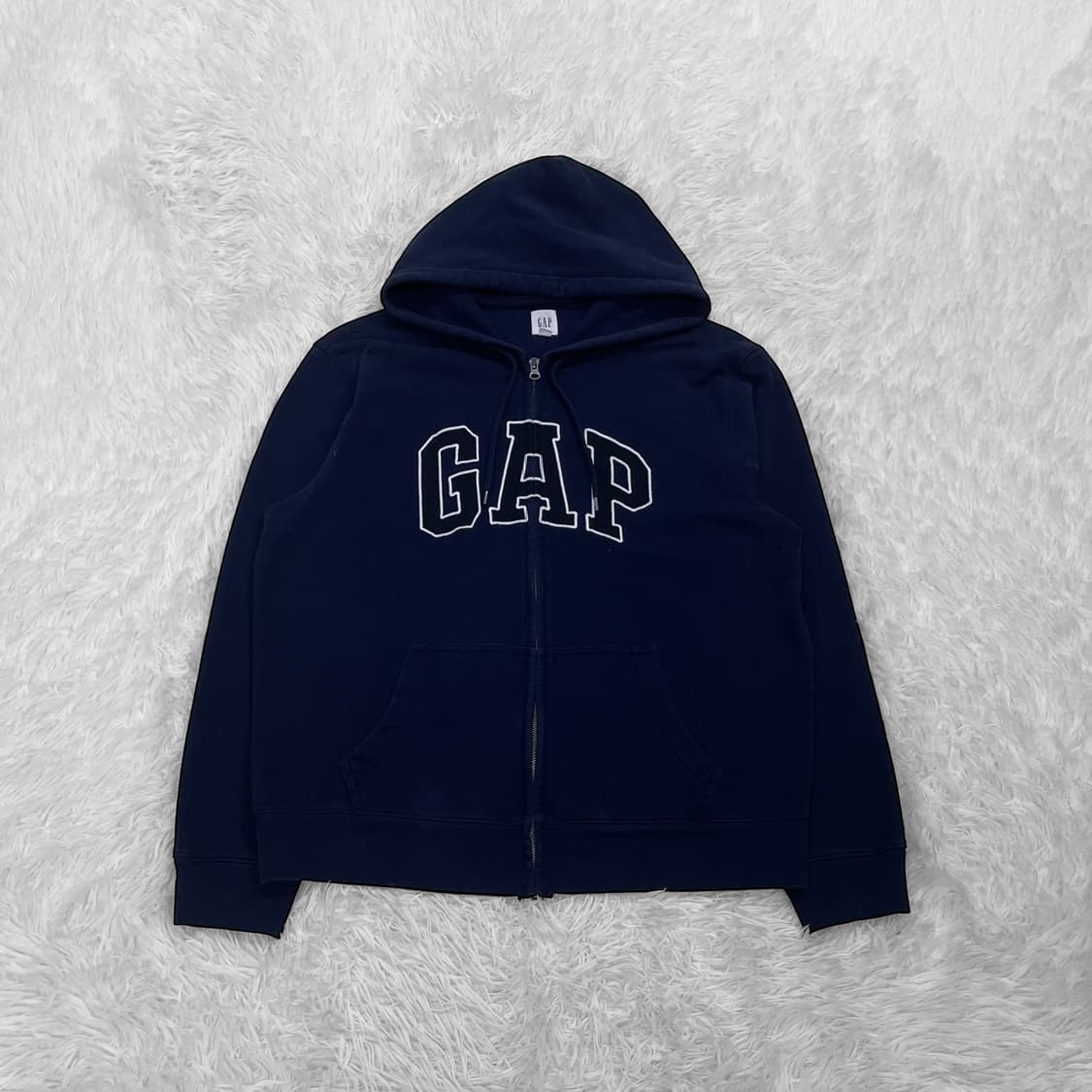 갭 Gap 스펠 로고 후드집업 네이비 상품이미지2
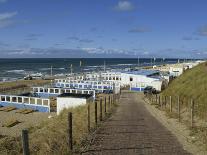 Beach Wind Breaks, North Sea Resort of Zandvoort, Netherlands, Europe-Rennie Christopher-Photographic Print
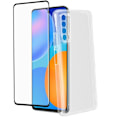 Miniatyrbillede 2 af 4: Huawei P smart 2021 blødt etui og 9H hårdhed hærdet glasfilm sort Svart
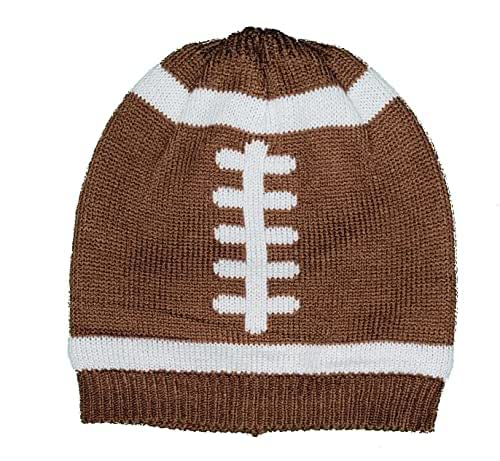 Baby Football Knit Hat - Acrylic Beanie For Infants 3-18 Months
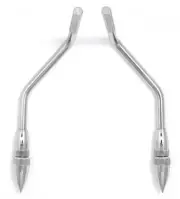 NEW - Gibraltar Dunnett R-Class 12.7mm Bass Drum Gull Wing Spurs, #SC-GWS127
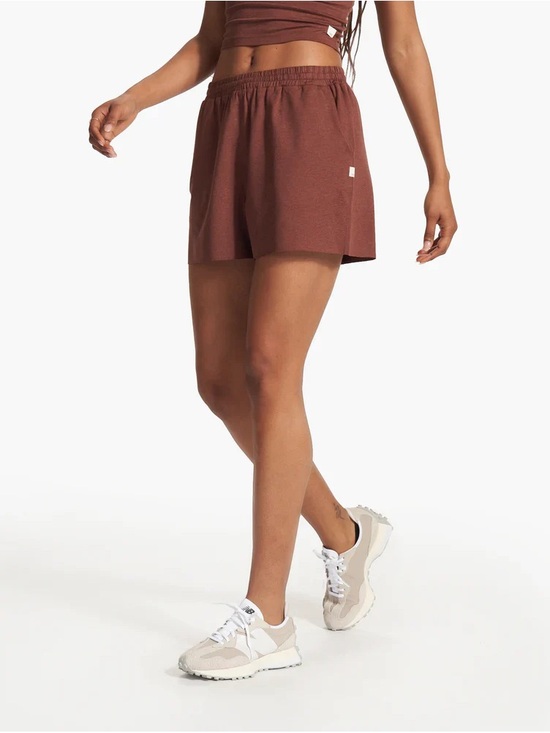 Vuori Pants - VUORI Women's Boyfriend Brown Athletic Comfy Athleisure Shorts EUC M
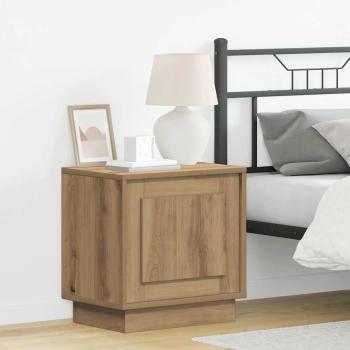 ARDEBO.de - Nachttisch 2 stk. Artisan-Eiche 44 x 34,5 x 45 cm Holzwerkstoff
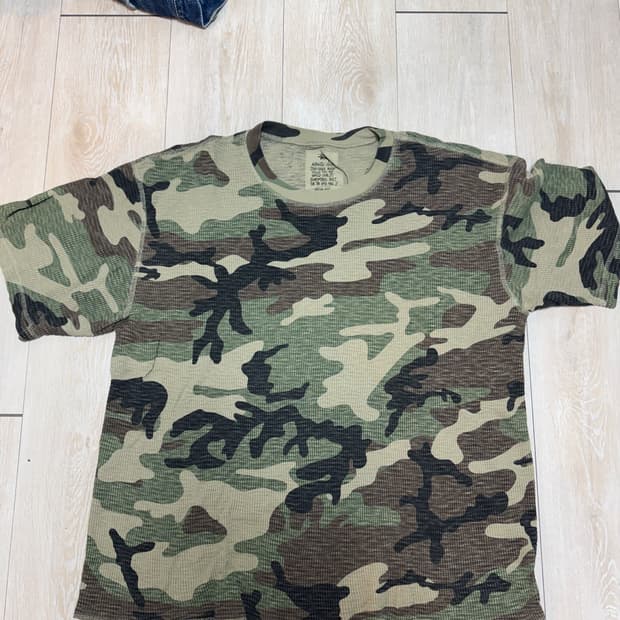 스투시 써멀 피그먼트 다이 카모 xxl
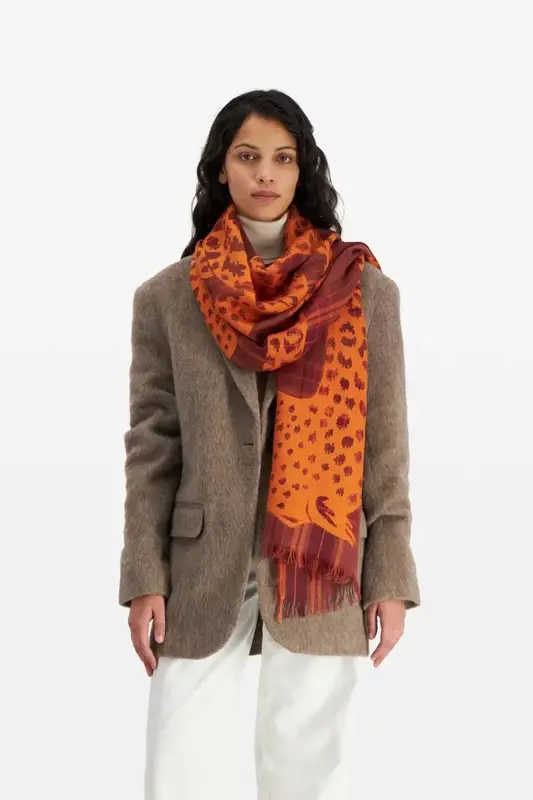 Scarf Et18fe06 Red | Color: RED | Size: U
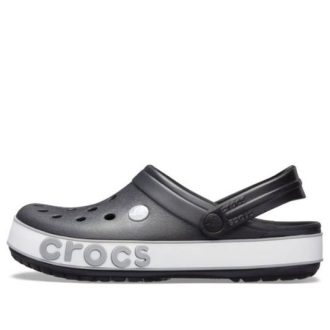 Sandales unisexes noires Crocs Crocband Bold Logo 206021-02G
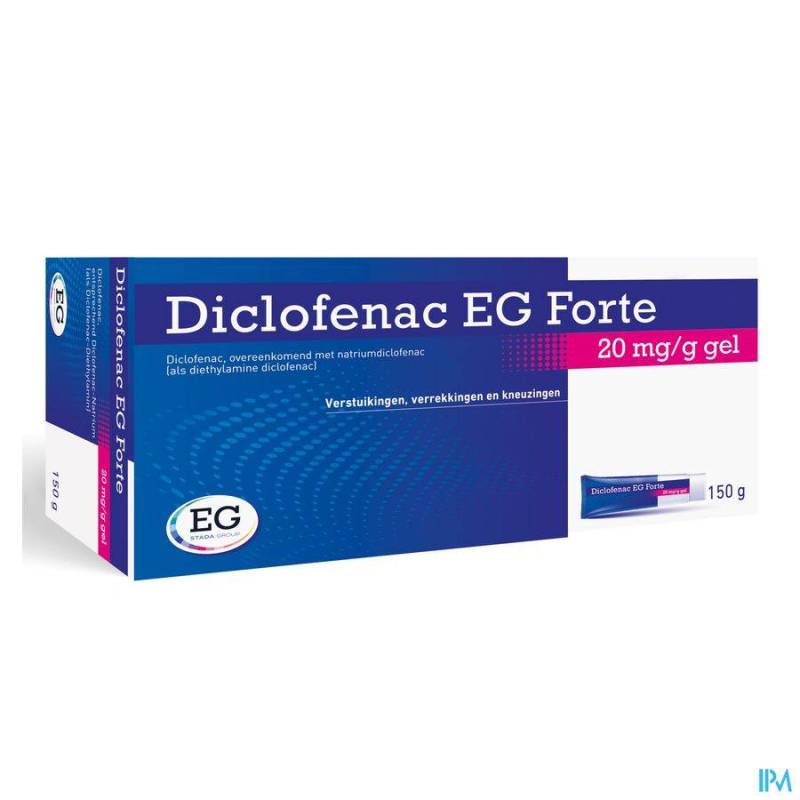 DICLOFENAC EG FORTE 20MG/G        150G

⁂

Exercise details: Leaving out the pictures, restate the listing above exactly.

Written answer:
 갭 Gap 스펠 로고 후드집업 네이비 상품이미지2
 Beach Wind Breaks, North Sea Resort of Zandvoort, Netherlands, Europe-Rennie Christopher-Photographic Print
 Miniatyrbillede 2 af 4: Huawei P smart 2021 blødt etui og 9H hårdhed hærdet glasfilm sort Svart
 Baby Football Knit Hat - Acrylic Beanie For Infants 3-18 Months
 NEW - Gibraltar Dunnett R-Class 12.7mm Bass Drum Gull Wing Spurs, #SC-GWS127
 Vuori Pants - VUORI Women's Boyfriend Brown Athletic Comfy Athleisure Shorts EUC M
 ARDEBO.de - Nachttisch 2 stk. Artisan-Eiche 44 x 34,5 x 45 cm Holzwerkstoff
 스투시 써멀 피그먼트 다이 카모 xxl
 Scarf Et18fe06 Red | Color: RED | Size: U
 Sandales unisexes noires Crocs Crocband Bold Logo 206021-02G
 DICLOFENAC EG FORTE 20MG/G        150G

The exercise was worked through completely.